Two basic types of data - test and binary - are used in applications to create files such as documents, images, video, text and executables. Certain applications, however, may need to alter a file to make it available to other applications; for example, e-mail requires text and binary data to be encoded before it's sent.
This article discusses a technique used to read and write encoded data using Java I/O streams. We'll define encoding and cover some of its history, examine two I/O stream classes and an interface, then finish by applying this technique to both a text and a binary file using the Base64 encoding scheme. With this technique you can provide encoding in your applications as well as encoded user information for authenticating against HTTP servers. This technique is provided using a standard, familiar group of Java classes: the I/O streams.
What Is Encoding?
Encoding manipulates and reorganizes bytes so they can be understood by other applications (see Figure 1). This is done primarily for Internet e-mail systems, but is also used in places like basic authentication. Basic authentication requires the user ID and password to be encoded using Base64. Although encoding has been around awhile, you probably never knew it. For example, your e-mail and attachments could be encoded before being sent and decoded when received. E-mails specify encoded content by using the Content-Transfer-Encoding header. This header field can have the following values:
- 7Bit
- Quoted-Printable
- Base64
- 8Bit
- Binary
One side effect of encoding is a possible increase in the size of your data. It all depends on the encoding scheme you're using.
Now that we have some basics, let's look at the EncodedInputStream and EncodedOutputStream classes, which are used to read and write encoded data.
EncodedInputStream
The EncodedInputStream takes encoded data and give it back as a byte array. Convert this data to any form you wish, such as text (see Listing 1). Its constructor takes two arguments: InputStream and EncodingScheme. The InputStream course could be a FileInputStream or even a socket.

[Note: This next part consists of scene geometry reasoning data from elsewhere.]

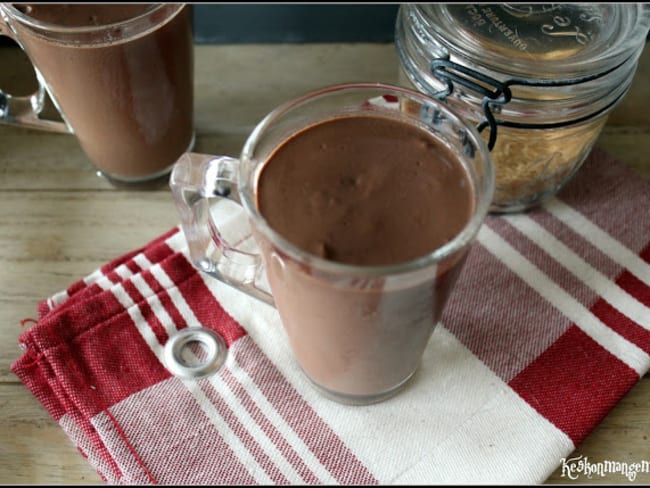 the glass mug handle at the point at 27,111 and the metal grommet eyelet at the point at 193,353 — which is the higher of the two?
the glass mug handle at the point at 27,111

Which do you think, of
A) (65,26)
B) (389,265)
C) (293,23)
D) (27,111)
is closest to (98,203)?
(27,111)

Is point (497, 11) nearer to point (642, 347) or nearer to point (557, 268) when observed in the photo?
point (557, 268)

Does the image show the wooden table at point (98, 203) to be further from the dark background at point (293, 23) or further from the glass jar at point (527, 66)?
the glass jar at point (527, 66)

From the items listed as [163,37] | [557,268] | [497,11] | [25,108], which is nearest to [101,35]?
[163,37]

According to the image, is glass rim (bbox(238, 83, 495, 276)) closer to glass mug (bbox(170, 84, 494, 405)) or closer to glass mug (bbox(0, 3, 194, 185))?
glass mug (bbox(170, 84, 494, 405))

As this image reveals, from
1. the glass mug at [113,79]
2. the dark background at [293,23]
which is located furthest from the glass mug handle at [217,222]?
the dark background at [293,23]

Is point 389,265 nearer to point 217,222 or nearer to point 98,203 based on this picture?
point 217,222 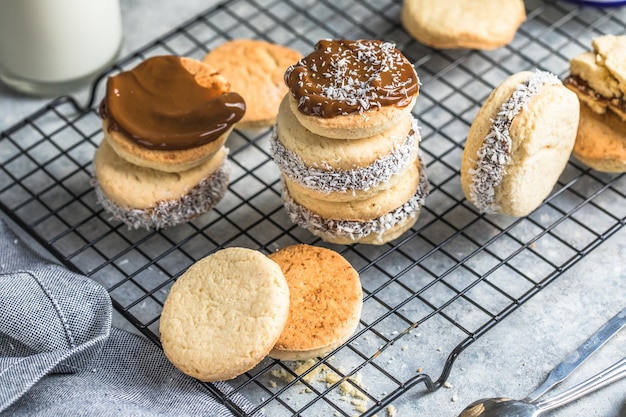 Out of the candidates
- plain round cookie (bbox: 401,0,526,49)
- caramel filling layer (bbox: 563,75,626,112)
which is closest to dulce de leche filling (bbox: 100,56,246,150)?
plain round cookie (bbox: 401,0,526,49)

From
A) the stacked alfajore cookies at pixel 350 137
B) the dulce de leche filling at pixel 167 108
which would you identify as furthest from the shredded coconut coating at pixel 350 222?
the dulce de leche filling at pixel 167 108

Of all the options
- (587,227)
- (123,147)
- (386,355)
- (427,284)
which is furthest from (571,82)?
(123,147)

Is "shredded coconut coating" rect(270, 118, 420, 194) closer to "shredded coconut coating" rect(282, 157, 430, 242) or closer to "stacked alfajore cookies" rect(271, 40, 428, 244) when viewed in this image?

Base64EncodingScheme scheme = new Base64EncodingScheme();
EncodedInputStream eIn = new EncodedInputStream(new FileInputStream("encoded.txt"),scheme);
Byte data[] = eIn.readEncoded();
This class overrides the read method and adds a method called readEncoded, which reads encoded data and returns it as a byte array. The read method has been overridden to always return a -1. Initially this was done because the read method returns single bytes; when decoding data, you may be working with more than a single byte at a time.
EncodedOutputStream
The EncodedOutputStream writes out data using whatever encoding scheme you specify (see Listing 2). Its constructor takes two arguments: InputStream and EncodingScheme. The OutputStream can be almost any kind of stream, such as a FileOutputStream or a socket.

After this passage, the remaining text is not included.